#### Prompt
Please restate each line of the data that follows word for word, skipping any image.

#### Supplied material

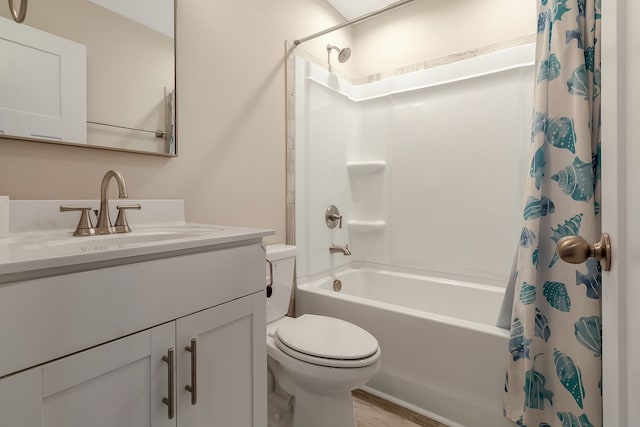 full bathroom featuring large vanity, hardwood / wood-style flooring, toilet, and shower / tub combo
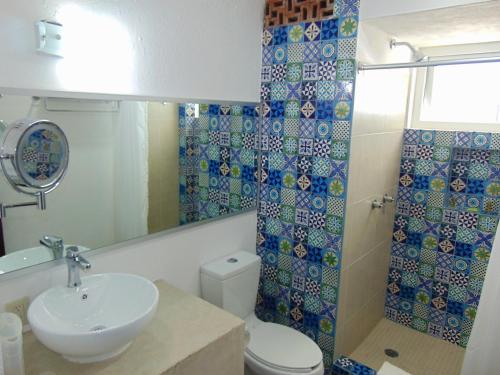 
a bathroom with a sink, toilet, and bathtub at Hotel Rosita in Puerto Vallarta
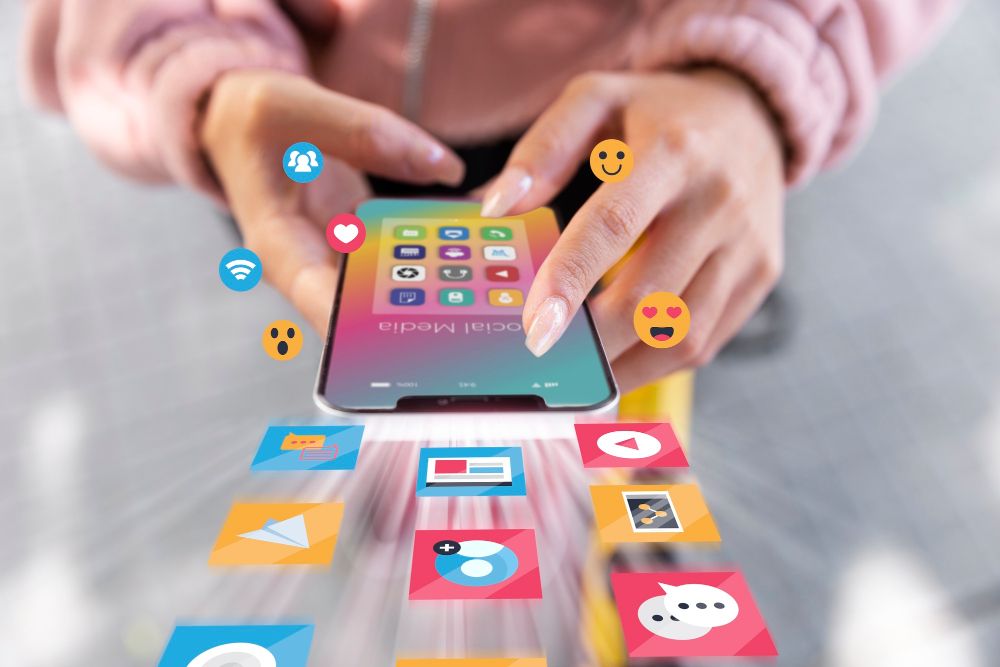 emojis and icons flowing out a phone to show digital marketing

#### Exercise solution
 full bathroom featuring large vanity, hardwood / wood-style flooring, toilet, and shower / tub combo
a bathroom with a sink, toilet, and bathtub at Hotel Rosita in Puerto Vallarta
 emojis and icons flowing out a phone to show digital marketing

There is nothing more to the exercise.